[Exercise goal]: Nothing is needed except the lines below that run from the one with "Karleedress V Neck" through the one with "Einstiegspunkt zum Hinzufügen", repeated exactly.

[Material supplied]:

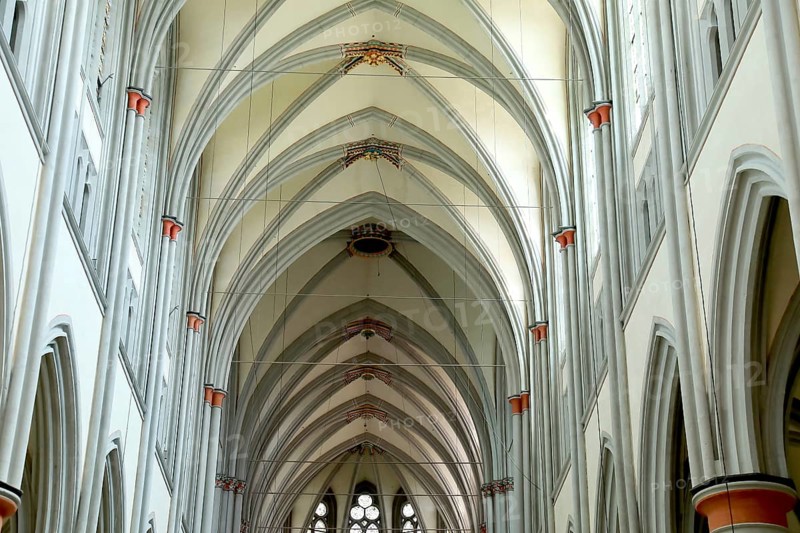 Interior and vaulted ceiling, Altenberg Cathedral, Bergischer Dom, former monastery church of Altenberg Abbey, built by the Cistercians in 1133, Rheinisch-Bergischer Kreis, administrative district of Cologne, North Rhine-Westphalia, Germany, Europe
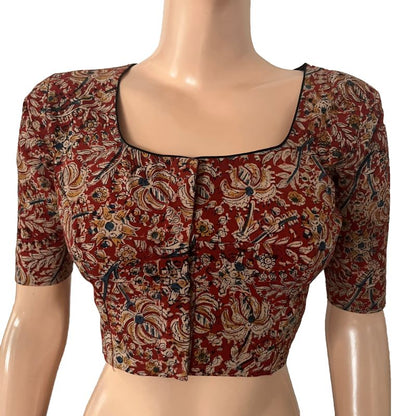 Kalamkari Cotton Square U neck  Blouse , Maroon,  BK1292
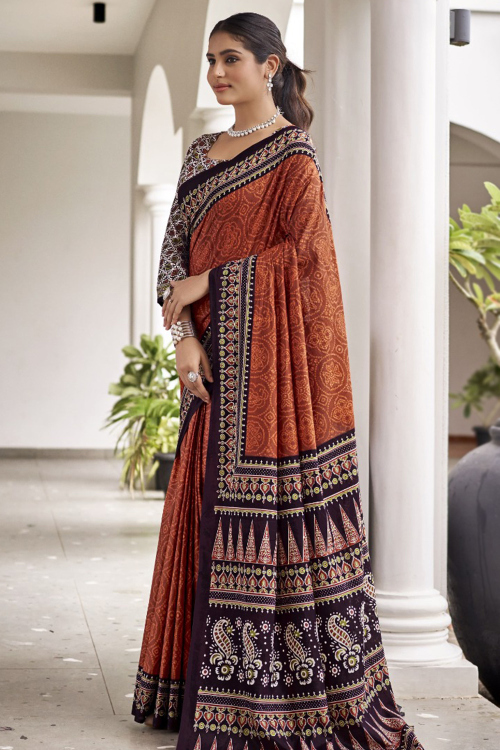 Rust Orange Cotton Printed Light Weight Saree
* * *
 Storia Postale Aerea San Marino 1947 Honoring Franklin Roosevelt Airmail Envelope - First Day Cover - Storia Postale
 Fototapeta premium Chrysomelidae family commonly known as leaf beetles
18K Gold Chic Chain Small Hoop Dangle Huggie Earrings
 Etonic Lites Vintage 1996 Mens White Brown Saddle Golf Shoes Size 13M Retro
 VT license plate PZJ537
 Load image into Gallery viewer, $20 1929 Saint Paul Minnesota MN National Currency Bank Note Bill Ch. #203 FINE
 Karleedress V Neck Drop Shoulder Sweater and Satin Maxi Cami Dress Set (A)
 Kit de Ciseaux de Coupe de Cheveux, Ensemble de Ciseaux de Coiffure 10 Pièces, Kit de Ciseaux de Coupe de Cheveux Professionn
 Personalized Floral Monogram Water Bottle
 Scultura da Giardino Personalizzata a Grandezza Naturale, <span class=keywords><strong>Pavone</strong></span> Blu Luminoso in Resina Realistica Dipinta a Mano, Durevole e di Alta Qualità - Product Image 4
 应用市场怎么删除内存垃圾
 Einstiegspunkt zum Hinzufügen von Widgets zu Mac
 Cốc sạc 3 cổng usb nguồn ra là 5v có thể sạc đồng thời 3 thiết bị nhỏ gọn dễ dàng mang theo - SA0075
---
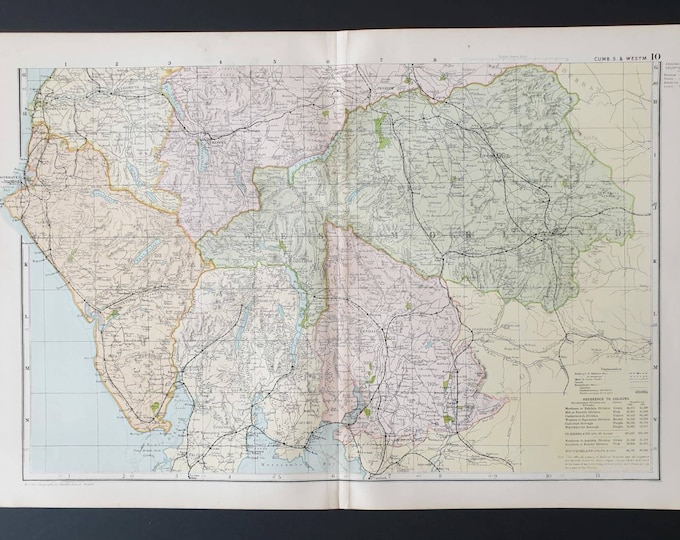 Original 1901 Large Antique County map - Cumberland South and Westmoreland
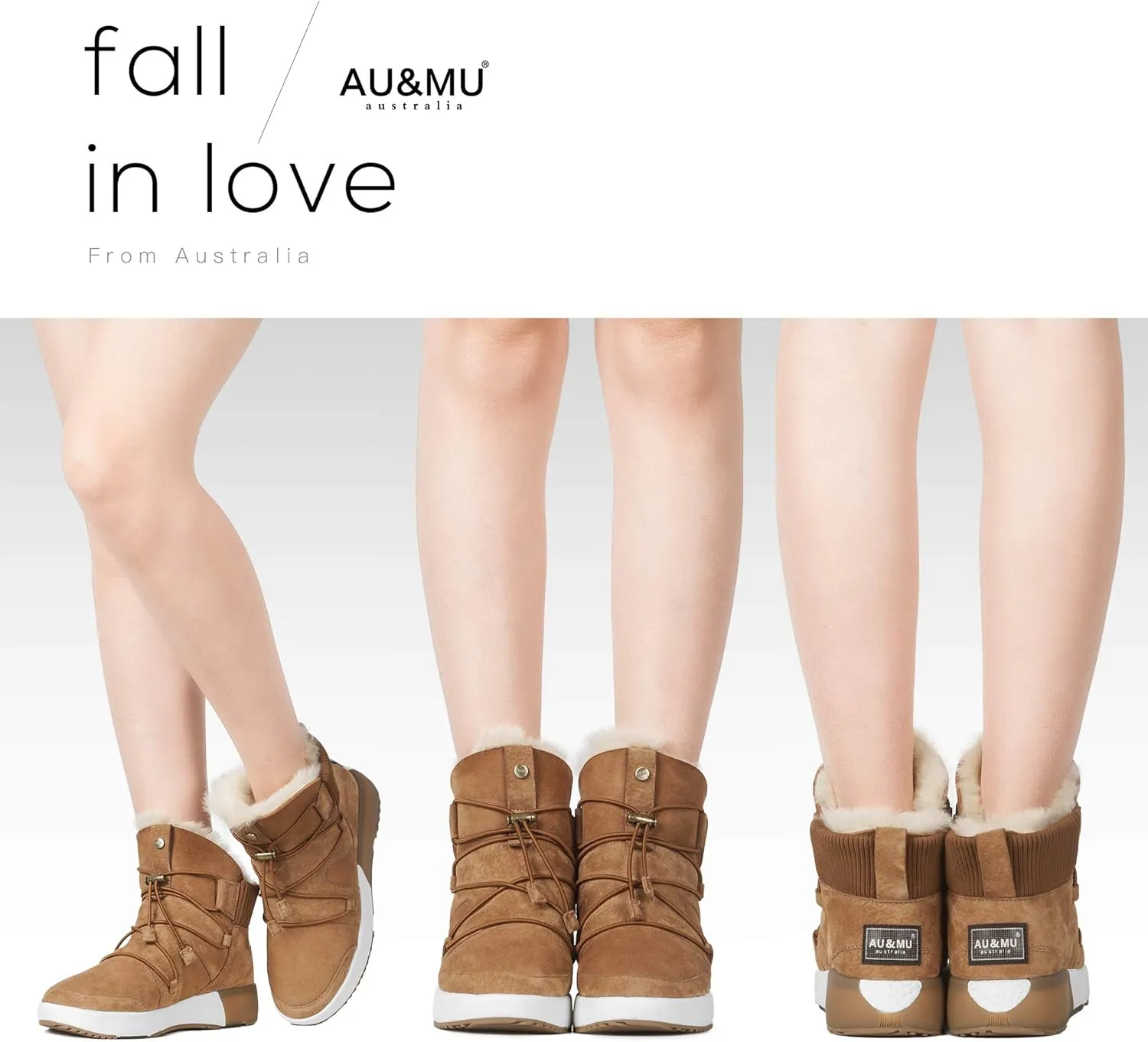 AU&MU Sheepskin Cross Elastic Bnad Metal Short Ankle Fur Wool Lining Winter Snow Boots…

[Written solution]:
 Karleedress V Neck Drop Shoulder Sweater and Satin Maxi Cami Dress Set (A)
 Kit de Ciseaux de Coupe de Cheveux, Ensemble de Ciseaux de Coiffure 10 Pièces, Kit de Ciseaux de Coupe de Cheveux Professionn
 Personalized Floral Monogram Water Bottle
 Scultura da Giardino Personalizzata a Grandezza Naturale, <span class=keywords><strong>Pavone</strong></span> Blu Luminoso in Resina Realistica Dipinta a Mano, Durevole e di Alta Qualità - Product Image 4
 应用市场怎么删除内存垃圾
 Einstiegspunkt zum Hinzufügen von Widgets zu Mac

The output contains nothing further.